▶ MATERIAL FOR THE TASK
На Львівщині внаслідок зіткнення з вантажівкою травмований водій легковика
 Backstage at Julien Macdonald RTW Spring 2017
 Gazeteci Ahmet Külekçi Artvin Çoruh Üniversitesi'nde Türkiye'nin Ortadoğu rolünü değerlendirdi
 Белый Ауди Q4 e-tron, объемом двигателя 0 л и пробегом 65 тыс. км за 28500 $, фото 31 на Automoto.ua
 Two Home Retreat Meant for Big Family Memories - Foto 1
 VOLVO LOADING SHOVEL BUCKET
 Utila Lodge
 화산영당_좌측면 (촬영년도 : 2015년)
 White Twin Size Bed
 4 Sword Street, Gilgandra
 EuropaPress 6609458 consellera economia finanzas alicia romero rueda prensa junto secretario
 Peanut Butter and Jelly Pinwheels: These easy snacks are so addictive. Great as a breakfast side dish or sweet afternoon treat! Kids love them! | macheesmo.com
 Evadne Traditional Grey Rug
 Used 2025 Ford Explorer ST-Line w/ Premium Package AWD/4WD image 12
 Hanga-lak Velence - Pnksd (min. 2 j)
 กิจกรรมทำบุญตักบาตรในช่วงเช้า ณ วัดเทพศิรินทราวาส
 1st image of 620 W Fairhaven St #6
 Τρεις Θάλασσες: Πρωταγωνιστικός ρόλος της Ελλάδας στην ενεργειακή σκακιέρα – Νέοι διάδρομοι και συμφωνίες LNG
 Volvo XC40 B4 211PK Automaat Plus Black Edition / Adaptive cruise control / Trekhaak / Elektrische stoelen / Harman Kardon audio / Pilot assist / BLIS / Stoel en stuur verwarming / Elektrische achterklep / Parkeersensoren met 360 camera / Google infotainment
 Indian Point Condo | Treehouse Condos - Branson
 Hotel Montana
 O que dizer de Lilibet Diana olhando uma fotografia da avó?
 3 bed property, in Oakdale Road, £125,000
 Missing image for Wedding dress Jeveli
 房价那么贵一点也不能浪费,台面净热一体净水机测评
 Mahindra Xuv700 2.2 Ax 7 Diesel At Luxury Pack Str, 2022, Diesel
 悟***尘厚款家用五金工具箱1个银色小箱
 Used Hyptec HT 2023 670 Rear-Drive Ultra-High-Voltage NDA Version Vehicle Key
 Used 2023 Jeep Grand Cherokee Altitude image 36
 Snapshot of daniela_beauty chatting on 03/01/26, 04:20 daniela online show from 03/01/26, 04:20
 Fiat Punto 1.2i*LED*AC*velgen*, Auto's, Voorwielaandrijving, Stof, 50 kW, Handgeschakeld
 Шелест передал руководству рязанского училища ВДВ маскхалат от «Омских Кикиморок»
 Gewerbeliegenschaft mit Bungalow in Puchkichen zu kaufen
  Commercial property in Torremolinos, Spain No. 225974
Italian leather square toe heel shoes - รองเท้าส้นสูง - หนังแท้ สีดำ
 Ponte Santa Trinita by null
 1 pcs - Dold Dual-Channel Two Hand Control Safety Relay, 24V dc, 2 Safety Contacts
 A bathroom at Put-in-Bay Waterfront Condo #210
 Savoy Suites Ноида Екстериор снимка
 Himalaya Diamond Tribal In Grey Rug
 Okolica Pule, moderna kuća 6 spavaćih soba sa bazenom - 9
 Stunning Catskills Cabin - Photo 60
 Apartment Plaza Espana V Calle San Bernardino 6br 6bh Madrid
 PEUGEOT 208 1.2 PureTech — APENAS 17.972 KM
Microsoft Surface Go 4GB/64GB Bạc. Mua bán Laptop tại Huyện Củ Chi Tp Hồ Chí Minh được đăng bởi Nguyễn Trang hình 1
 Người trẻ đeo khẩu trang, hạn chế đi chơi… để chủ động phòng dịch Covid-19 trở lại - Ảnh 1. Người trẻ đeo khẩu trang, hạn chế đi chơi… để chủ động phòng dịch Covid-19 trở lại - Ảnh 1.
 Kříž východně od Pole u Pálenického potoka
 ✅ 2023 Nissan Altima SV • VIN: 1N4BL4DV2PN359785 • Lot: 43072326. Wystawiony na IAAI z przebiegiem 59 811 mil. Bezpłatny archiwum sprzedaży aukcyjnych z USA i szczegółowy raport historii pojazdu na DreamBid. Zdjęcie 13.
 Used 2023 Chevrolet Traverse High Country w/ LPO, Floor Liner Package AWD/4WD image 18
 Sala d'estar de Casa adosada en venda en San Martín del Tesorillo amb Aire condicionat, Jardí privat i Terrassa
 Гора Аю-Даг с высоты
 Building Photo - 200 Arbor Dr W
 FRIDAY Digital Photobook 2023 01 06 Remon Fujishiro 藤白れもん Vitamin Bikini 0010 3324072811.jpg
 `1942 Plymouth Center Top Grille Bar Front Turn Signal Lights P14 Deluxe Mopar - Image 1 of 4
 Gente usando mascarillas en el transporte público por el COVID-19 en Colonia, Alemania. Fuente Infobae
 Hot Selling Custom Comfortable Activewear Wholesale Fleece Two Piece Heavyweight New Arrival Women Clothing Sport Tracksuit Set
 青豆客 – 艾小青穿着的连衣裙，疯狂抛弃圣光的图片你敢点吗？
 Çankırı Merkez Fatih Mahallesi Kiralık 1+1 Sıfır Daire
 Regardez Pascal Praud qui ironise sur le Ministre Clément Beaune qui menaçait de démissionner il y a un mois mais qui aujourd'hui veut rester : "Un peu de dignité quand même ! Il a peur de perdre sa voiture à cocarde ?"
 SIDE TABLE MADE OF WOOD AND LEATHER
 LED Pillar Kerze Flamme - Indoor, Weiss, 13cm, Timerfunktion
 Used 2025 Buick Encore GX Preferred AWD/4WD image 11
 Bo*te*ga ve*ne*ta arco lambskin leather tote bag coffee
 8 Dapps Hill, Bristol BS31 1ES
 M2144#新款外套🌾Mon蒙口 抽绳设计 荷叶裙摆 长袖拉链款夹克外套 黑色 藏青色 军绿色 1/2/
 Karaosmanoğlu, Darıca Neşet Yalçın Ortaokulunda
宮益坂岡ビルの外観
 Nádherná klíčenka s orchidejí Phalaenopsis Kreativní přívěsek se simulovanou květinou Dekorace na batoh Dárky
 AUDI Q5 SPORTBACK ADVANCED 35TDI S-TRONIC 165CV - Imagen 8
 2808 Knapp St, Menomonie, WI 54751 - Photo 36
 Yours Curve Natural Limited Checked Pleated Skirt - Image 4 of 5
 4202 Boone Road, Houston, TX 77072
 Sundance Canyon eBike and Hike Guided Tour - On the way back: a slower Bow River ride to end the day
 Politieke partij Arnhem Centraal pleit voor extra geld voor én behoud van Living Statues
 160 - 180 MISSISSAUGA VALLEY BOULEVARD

▶ PROMPT
In the listing above, find the line containing "Karaosmanoğlu, Darıca Neşet" and the line containing "4202 Boone Road, Houston, TX 77072", then quote both, plus every line between them, exactly as written.

▶ TASK ANSWER
 Karaosmanoğlu, Darıca Neşet Yalçın Ortaokulunda
宮益坂岡ビルの外観
 Nádherná klíčenka s orchidejí Phalaenopsis Kreativní přívěsek se simulovanou květinou Dekorace na batoh Dárky
 AUDI Q5 SPORTBACK ADVANCED 35TDI S-TRONIC 165CV - Imagen 8
 2808 Knapp St, Menomonie, WI 54751 - Photo 36
 Yours Curve Natural Limited Checked Pleated Skirt - Image 4 of 5
 4202 Boone Road, Houston, TX 77072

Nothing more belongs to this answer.